Creating belonging for Native students requires five key design principles: honoring cultural origins, ensuring safety and security, fostering community connections, meaningful representation, and supporting individual flourishing through environmental wellness.

Belonging begins with honoring where you came from… Spaces that reflect Navajo art, stories and traditions. An architecture that mirrors the landscape… It reminds students that who they are is seen, valued and celebrated.

Maintaining Long-term Community Relationships

Successful projects with Native communities require ongoing relationships beyond project completion, including post-occupancy surveys, continued community engagement, and recognition that infrastructure serves communities that will remain long after buildings may change.

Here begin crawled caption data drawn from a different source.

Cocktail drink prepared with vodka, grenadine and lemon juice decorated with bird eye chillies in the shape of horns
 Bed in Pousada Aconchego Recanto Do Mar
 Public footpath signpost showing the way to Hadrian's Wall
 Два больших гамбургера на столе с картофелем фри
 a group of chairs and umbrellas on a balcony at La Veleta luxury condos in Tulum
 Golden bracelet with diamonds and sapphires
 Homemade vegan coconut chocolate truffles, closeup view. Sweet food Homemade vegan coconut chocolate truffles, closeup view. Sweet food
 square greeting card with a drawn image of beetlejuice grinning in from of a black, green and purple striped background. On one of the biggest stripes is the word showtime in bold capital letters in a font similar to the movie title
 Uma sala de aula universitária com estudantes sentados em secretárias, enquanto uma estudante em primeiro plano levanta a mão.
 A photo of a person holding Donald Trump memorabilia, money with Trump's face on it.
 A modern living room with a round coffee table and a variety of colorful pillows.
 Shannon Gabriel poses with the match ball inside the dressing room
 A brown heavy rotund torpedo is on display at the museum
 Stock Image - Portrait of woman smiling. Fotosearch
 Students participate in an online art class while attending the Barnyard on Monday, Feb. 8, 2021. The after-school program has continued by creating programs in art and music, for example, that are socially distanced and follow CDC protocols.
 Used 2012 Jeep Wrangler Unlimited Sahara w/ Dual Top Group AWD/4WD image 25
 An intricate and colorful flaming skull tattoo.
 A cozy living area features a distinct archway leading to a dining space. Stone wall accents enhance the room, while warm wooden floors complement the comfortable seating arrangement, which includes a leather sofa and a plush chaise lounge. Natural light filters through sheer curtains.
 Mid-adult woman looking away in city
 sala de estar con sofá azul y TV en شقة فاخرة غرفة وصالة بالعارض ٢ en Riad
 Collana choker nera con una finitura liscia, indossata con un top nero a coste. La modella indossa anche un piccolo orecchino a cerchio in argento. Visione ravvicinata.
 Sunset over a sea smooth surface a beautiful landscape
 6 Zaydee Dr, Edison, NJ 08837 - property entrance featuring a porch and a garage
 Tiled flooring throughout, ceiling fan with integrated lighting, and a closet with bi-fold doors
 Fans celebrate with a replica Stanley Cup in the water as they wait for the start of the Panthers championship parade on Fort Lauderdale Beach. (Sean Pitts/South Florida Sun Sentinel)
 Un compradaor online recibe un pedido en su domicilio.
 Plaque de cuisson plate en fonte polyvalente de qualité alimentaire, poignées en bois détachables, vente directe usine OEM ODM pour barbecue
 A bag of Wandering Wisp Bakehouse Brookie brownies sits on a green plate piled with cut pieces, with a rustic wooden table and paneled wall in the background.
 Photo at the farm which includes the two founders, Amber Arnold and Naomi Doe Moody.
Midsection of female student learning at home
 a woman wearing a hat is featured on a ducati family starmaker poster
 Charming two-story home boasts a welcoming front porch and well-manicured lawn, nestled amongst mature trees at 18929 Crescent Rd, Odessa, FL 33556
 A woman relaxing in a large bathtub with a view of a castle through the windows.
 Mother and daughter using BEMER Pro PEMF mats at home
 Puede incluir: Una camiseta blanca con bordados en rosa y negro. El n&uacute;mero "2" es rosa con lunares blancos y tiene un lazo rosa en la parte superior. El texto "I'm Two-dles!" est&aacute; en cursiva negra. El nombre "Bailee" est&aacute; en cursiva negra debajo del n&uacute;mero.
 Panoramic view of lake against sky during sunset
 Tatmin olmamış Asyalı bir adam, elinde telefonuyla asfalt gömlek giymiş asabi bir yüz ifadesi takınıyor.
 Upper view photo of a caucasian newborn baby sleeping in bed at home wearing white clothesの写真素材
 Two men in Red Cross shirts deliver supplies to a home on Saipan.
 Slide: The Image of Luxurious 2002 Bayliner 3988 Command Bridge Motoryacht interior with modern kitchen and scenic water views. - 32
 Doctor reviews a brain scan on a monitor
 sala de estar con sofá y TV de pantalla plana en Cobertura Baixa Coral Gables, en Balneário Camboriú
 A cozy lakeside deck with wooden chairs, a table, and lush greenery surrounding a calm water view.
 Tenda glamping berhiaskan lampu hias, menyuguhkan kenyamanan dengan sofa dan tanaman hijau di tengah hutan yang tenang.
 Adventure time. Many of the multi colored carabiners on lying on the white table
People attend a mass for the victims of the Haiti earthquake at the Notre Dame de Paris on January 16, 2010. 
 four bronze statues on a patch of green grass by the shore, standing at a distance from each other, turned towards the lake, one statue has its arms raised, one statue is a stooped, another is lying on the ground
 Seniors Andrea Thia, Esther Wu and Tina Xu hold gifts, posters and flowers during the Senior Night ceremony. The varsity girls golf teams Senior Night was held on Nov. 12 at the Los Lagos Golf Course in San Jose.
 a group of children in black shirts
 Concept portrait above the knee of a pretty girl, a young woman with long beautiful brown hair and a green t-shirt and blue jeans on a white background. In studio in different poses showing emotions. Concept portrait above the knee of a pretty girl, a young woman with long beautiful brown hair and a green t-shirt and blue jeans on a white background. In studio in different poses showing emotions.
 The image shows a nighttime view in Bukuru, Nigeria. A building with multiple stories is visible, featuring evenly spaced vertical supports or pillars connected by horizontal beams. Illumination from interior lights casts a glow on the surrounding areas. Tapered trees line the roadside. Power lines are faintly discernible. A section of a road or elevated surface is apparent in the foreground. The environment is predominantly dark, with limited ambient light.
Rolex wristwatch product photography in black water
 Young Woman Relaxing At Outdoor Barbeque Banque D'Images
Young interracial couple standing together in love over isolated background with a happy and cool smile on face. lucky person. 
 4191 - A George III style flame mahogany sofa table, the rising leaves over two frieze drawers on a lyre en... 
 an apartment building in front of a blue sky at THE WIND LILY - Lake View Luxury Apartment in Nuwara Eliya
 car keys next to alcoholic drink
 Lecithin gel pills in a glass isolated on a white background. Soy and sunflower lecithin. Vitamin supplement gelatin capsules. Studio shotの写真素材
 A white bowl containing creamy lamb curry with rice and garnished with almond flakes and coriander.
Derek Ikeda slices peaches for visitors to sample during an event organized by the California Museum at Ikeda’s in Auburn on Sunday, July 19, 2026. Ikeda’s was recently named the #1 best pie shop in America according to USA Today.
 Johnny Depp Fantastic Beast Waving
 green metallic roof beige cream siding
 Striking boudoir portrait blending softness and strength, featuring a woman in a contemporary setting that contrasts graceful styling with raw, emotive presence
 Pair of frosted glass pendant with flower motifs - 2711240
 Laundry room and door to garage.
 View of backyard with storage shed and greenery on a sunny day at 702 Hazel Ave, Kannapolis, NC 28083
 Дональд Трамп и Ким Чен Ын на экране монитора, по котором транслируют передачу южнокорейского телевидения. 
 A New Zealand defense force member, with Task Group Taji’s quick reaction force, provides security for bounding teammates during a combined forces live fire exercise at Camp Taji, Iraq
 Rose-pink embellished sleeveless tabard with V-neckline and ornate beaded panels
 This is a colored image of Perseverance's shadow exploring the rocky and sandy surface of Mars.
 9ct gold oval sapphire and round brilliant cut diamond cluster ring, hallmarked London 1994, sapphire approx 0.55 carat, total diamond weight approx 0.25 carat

Something that’s unique about the Southern Ute and their ideas for their community is that… They’ve always been there. So even if the airport goes away in 50, 100, 200 years, that suddenly you will remain in that space. They’ve always been there.

Sustainability and Cultural Values as Unified Principles

Environmental sustainability and Native cultural values are not separate concepts but complementary approaches that both emphasize stewardship, respect for natural resources, and long-term community resilience.

The principles that guide leads to worship of the environment, natural resources, wellness and community benefit mirror the Navajo worldview. And in that alignment we found shared language, one that transcends metrics and standards and moves towards meaning.

Trust Building Through Genuine Engagement

Authentic engagement with Native communities can unlock unprecedented access and collaboration opportunities, as demonstrated when genuine listening led to access to spaces that had been closed even to foundation leadership.

When they saw that we were bringing our genuine selves and that we were listening, we were granted access to the courtyard house… It had been so closed off that members of the foundation itself had never been in the house. The CEO and the board director had never been in the house.

Representation Through Authentic Cultural Integration

Meaningful representation goes beyond aesthetic elements to include giving communities curatorial control over their own spaces and stories, as demonstrated by giving tribes ‘the keys’ to design their own exhibit areas.

The airport manager basically gave the keys and said, these are your spaces to curate, where whatever you want to put in these spaces to inform people about the airport about, do it, you have the opportunity to do it.

Addressing Controversies Through Transparent Dialogue

Long-standing cultural controversies should be addressed head-on through public dialogue rather than avoided, creating frameworks for ongoing conversation and understanding between different tribal perspectives.

For 77 years, they haven’t really been addressed. And so what we’re hoping for… we set up the framework to address these challenges. They had never been addressed publicly before… let’s address them head on publicly for the future to create dialogue and to kind of demystify some of the challenges.

Stepping Back to Elevate Native Leadership

True equity sometimes means recommending that Native designers lead projects while non-Native firms provide technical support, even when it means stepping away from lucrative design roles.

I made the recommendation that we don’t take the project… What I recommended was that we uplift a Native American designer, and they lead the design conversation for the next phases. But that doesn’t mean lose the project… Bring your other architectural skill sets to bear, support the architectural design through other elements.

Buildings as Living Classrooms for Cultural Values

Sustainable buildings can serve as teaching tools where students learn environmental stewardship through daily interaction with renewable energy, water conservation, and natural systems, making abstract concepts tangible experiences.

The building itself becomes a living classroom, a place where students can touch, see, feel what sustainability means. They learn how the sunlight powers their door through renewable energy, how rainwater will support the native landscape… They’re not just living in a sustainable building, they’re learning from it.